Mugabe’s ouster from office marked the first change in power since independence. Although Zimbabwe’s process differed from traditional coups in Africa that were bloody and violent, it was not a wholesome democratic transition either, as President Mnangagwa did not become president via the ballot box.
Drawing on more than 30 extensive interviews conducted with elites and ordinary citizens during and after the coup I observed that while Zimbabweans celebrate and welcome the change in government, people remain concerned about the visible presence of the military in everyday politics.
President Mnangagwa appears to have rewarded the military by appointing former generals to top government positions.

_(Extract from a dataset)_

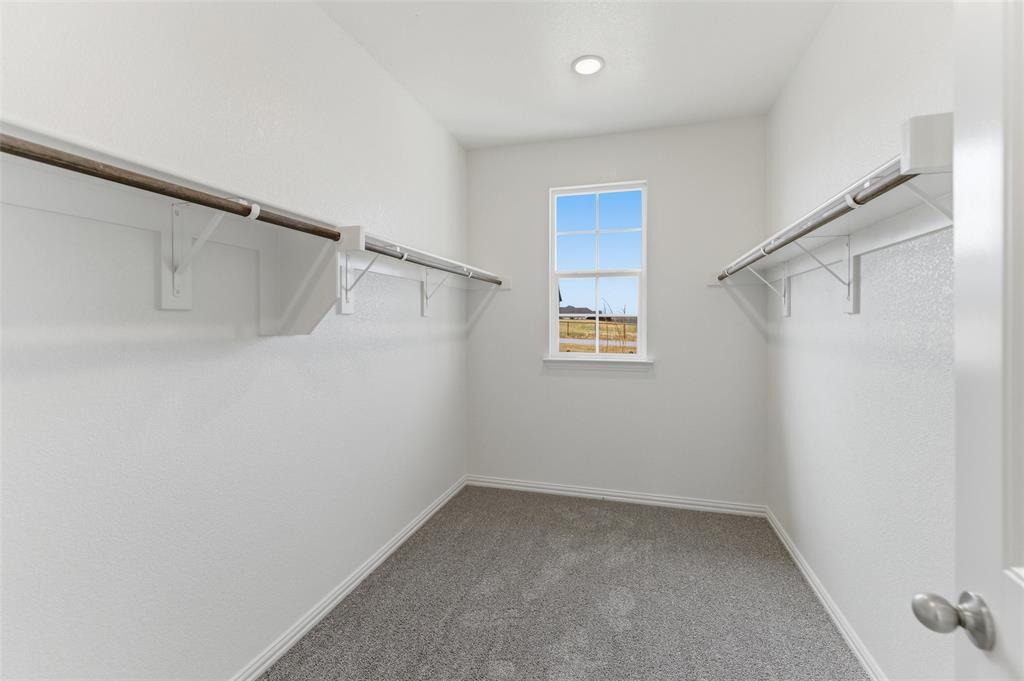 144 Oak Grv Way Springtown, TX 76082 - Photo 10 of 27 a view of small space with racks on the wall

Former Generals who played significant roles in the military takeover, Constantino Chiwenga and Sibusiso Moyo, were appointed Vice President and Minister of Foreign Affairs respectively.
When I flew into the Harare International Airport in early December, soldiers asked me and everyone else arriving to show our IDs. This is new for Zimbabwe. The presence of the military stood in stark contrast to the eerie absence of the police. During Mugabe’s tenure, Zimbabwe had become a heavily policed state, with police roadblocks every few meters and commonplace police demands for bribes poor motorists.
While a lot of challenges remain, I have also noticed that since November 2017, Zimbabweans are more hopeful. Following President Mnangagwa’s inauguration, we saw the celebrated return of prominent exiles. Among these is the anticipated return of famous musician Thomas Mapfumo.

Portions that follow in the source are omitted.